Social enterprises in Ghana have made a call on the government to introduce effective policies that will help them thrive and expand their services.
This was one of the major resolutions from Social Enterprise Ghana’s recent forum in Accra.
The forum brought together dozens of representatives of social enterprises across the country and partners.
Edwin Zu-Cudjoe, the Executive Director of the Social Enterprise Ghana said the contribution of social entrepreneurship to Ghana’s local economy cannot be overemphasized.
He said with more than 600 registered members across the country, SE Ghana is looking to build strong partnerships between members and also with state institutions to order to deepen their impact in Ghanaian societies.

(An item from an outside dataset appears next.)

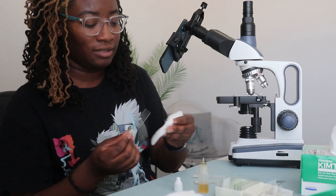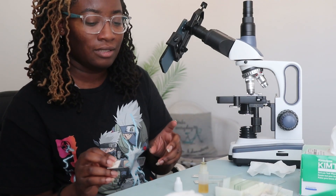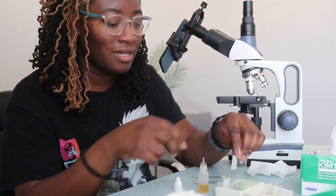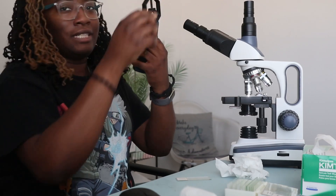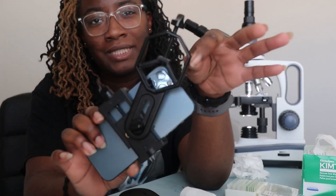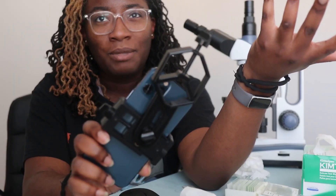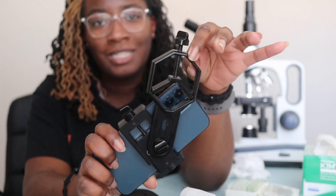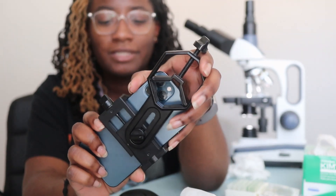One thing that this scope does not have is a stopper — some scopes have a stopper so that when you're moving the coarse adjustment knob too far it stops so that you don't break your slides. This one does not have that. If you're wondering about the phone holder, this was like $17 on Amazon — I just searched 'microscope holder,' but I think it's made more for telescopes. You could just use it for a microscope too. I'm glad it worked.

“As change makers that are transforming society, we need to trumpet the transformation we are causing in society…We at SE Ghana are so proud of the immense work our partners, and the social entrepreneurship movement is causing in Ghana.”
Mr. Zu-Cudjoe said despite the significant achievements of social enterprises in the Ghanaian economy, more work still needs to be done.
“We have 69,000 social enterprises in diverse sectors causing transformation and change and we want to do more,” he said.
particularly because the impact of their work, besides the financial returns, goes to directly touch on societal and environmental challenges.
Mr. Sampson Abankwa, a trade analyst and Micro, Small & Medium Enterprises expert who represented the Executive Director of the National Board for Small Scale Industries (NBSSI) said social enterprises in Ghana must take advantage of opportunities presented by the NBSSI.
He said the NBSSI as an agency will soon be transformed into the Ghana Enterprise Agency that will primarily focus on strengthening micro, small and medium scale enterprises in Ghana.
“As we speak, the Ministry of Trade has worked very hard to transform the organization into the Ghana Enterprise Agency. Parliament has passed the bill and so very soon, you are going to see a new era of NBSSI. What the NBSSI is going to focus on in future are basics things that NSMEs need more than 90% of business in Ghana belong to the informal sector and so the new agency is going to do a lot of worm to ensure that we have a lot of our sectors formalized to become part of the general economy and support economic development,” he said.
While expressing excitement about SE Ghana’s networks across the country, he said that the new agency will also raising funds locally to support social enterprises to grow.
“NBSSI is going to focus a lot of attention with its partners in trying to find solutions and innovative ways of helping NSMEs to find affordable financing in Ghana. This we believe will help businesses,” he added.
Mr. Abankwa further urged SE Ghana and its members to take advantage of Ghana’s involvement in the Africa Continental Free Trade Area (AfCFTA).
Some social enterprises that contributed to discussions at the event including Nneka Youth Foundation, Dansyn Hub Ghana, Kaya App, Food for All Africa and E-Campus, called for public and private support to enable them continue to make impact in society.
Partners for the event include Reach for Change, British Council, BUSAC and the NBSSI.